It is so natural that rage, hurt and pain
occurs when one is cheated. Consolation and comfort of mind is required and
these are gained when they are shared with someone of same experience. The
affair is such a private matter that it cannot be shared easily.
However, when this matter is shared, nothing
seems to be difficult to mention even the most secretive and private things
like sex and so forth. In other words, everything can be told so as to be
consoled. The problem here is that not every comfort and sympathy is good.

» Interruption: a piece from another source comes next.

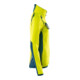 Mascot Fleecepullover Microfleecejacke Damen 2XL hi-vis gelb/dunkelpetroleum
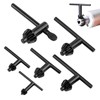 6 Pieces Universal Chuck Keys for Drills, Drill Chuck Key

On the first look, such sharing seems to be
comforting but the result in the end is deeper pain and severe rage. They do
not go away. They still remain. This is because by speaking and listening to
other rage and hurt, one's own rage and hurt are increasing together. Thus,
even though the psychological comfort lasts only for a short period of time, the
rage may seemed to have been treated. This makes those with hurts and rages get
together and share their difficulties. The rage will go larger and the vicious
cycle will continue. Thus sharing affair experiences may seem to help the
healing process at first sight but it is only temporary and in the end these
sharing will induce larger pain and rage. This cannot be any help in solving an
affair problem.
There are so many who, by making a wrong
decision after listening to others with similar hurts, are led to such
unhappiness. Particularly, rages from affair differs in man and woman and they
require totally different treatments. If these men and woman with rages of
extramarital affair of their spouses, meet each other and share their stories,
it will eventually bring other problems different from the initial affair
problems.
One should never ever talk about one's affair
problem (of the spouse) to a friend of different gender, no matter how close
they might be. It is very likely that their relation will become an
extramarital affair in turn. This is something not to be overlooked.
In conclusion, affair problem can be shared to
be consoled but in fact, it will do more harm than good. Those with rage,
should not meet each other. An affair problem needs to be discussed at a
session with the help of an affair problem expert.